### EXERCISE DATA

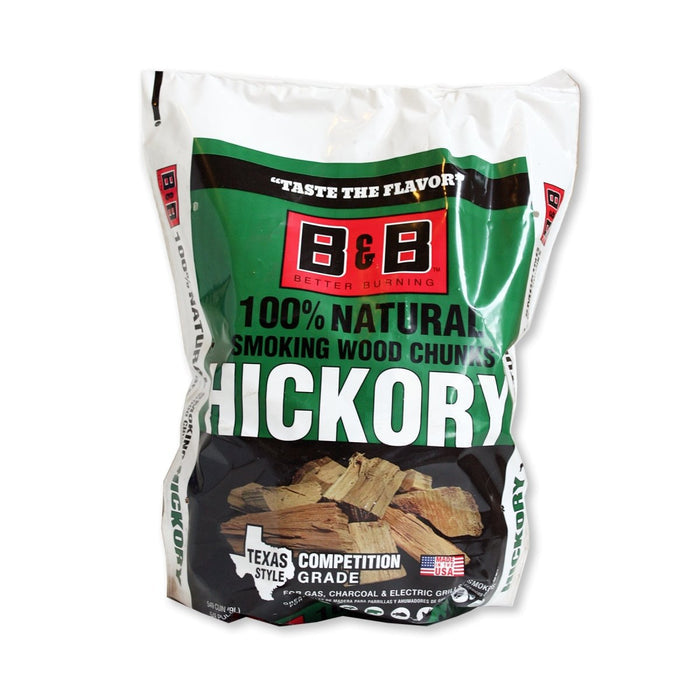 B&B Hickory Smoking Wood Chunks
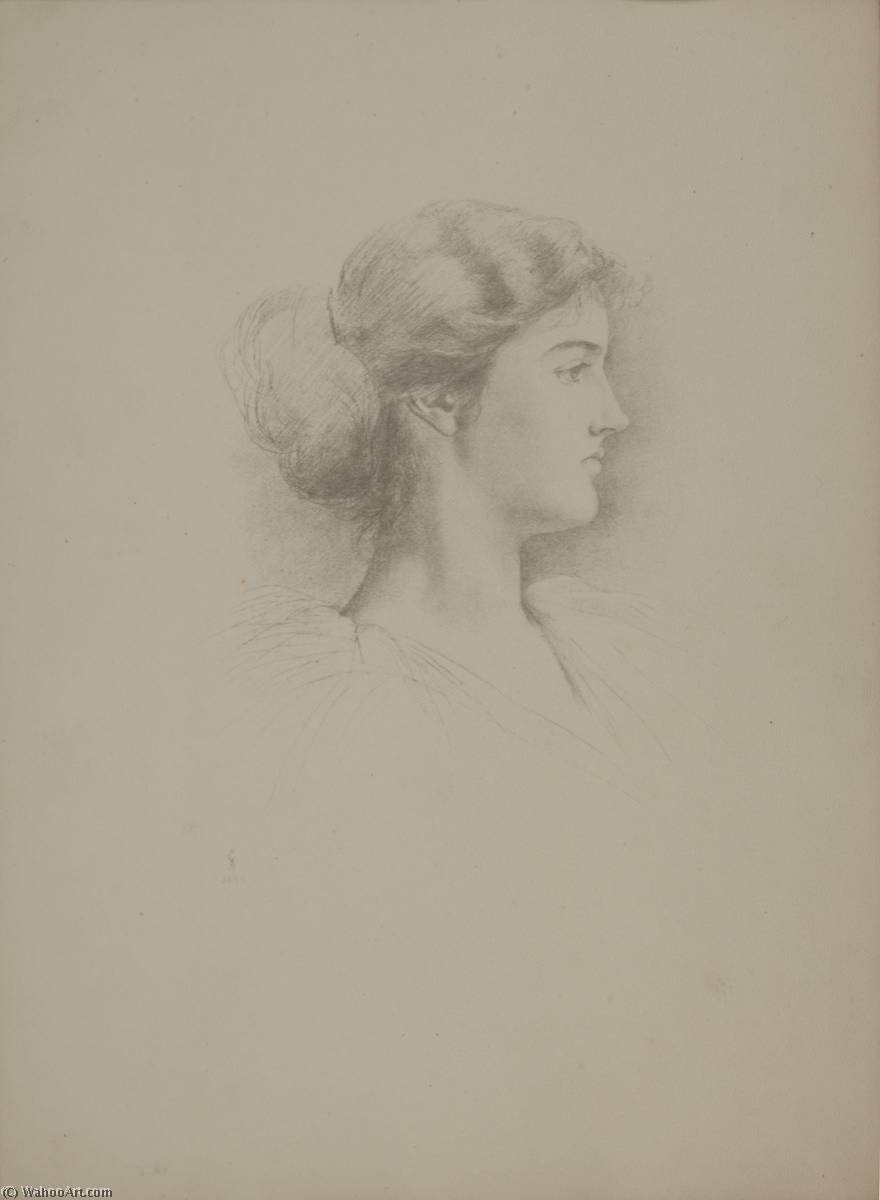 Wikioo.org - Die Enzyklopädie bildender Kunst - Malerei, Kunstwerk von Violet Manners - Dame ulrica duncombe , nachher Entkleidend ( 1875–1935 )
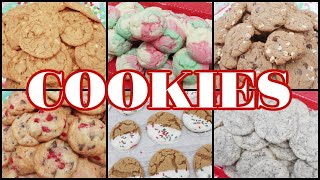 The Best Holiday Cookie Recipes Part One  VLOGMAS [upl. by Auqinal]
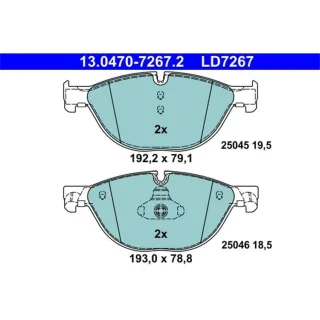 ATE Ceramic Bremsbel?ge vorne BMW 5er F07 7er F01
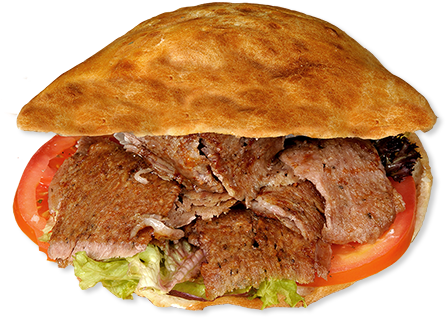 Döner Kebab - Fast Food (500x333), Png Download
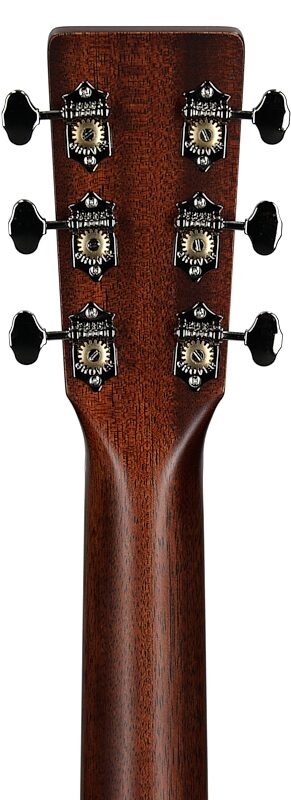 open zoom image for Martin DE Retro Plus Mahogany Acoustic-Electric Guitar, Open Box (Good), Headstock Straight Back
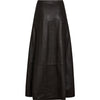 Depeche leather wear Timeless Marly skirt Skirts 008 Chocolate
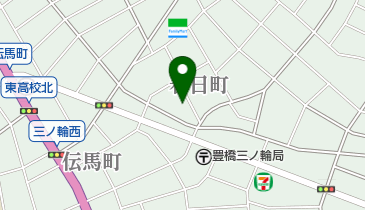 株式会社毎日ガードの地図画像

### YOUR OBJECTIVE
Beginning with the line containing "open zoom image" and ending with the last line of the listing above, output those lines exactly as written, without pictures.

### WRITTEN ANSWER
 open zoom image for Martin DE Retro Plus Mahogany Acoustic-Electric Guitar, Open Box (Good), Headstock Straight Back
 Depeche leather wear Timeless Marly skirt Skirts 008 Chocolate
 株式会社毎日ガードの地図画像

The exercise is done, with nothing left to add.